Working model of RSV strain-specific induction of airway mucin expression. (A) Electron micrograph of RSV exhibiting glycoprotein spikes. The sample was cell-free supernatant from RSV A2-infected primary human airway epithelial cells processed for negative staining. The RSV fusion (F) protein is a major spike protein necessary for virus fusion to target cells and for cell-cell fusion in the formation of syncytia.
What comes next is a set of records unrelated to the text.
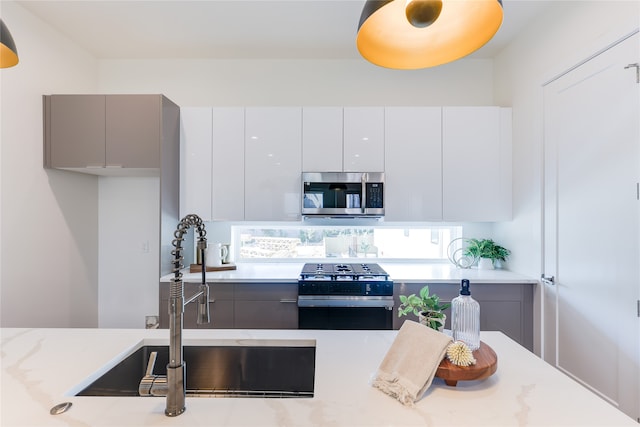 kitchen with stainless steel appliances, white cabinetry, and sink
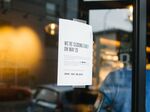 A sign displays early closing hours for diversity training at a Starbucks Corp. coffee shop in Philadelphia on May 29, 2018.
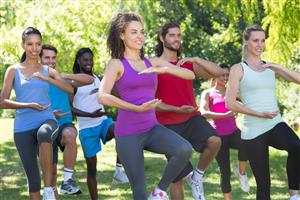 Coed group practicing tai chi in the park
Recent work showed the “mucogenic” strain 2-20 F protein is capable of enhanced fusion compared to the laboratory A2 strain F protein [•43]. (B) Enhanced fusion correlates with the ability to infect the mouse airway epithelium. RSV strain 2-20 infects the BALB/c mouse airway epithelium, resulting in early necrotic cell debris in the airways as well as lung neutrophils [42, •43]. (C) Six days post-infection witih mucogenic RSV 2-20, IL-13-expressing CD4+ T cells are found in the lung [•43]. IL-13 plays a critical role in airway mucin induction by both RSV strains line 19 and 2-20 [35, 42]. (D) Robust PAS+ airways day 8 post-infection in lungs of a mouse infected with RSV 2-20. Digitized H&E-stained section as described [42]. Depletion of neutrophils results in signficantly fewer IL-13-expressing CD4+ T cells in the lung and less airway mucin expression, although the mechanism by which neutrophils promote T_H2 cytokine expression and mucus are unknown.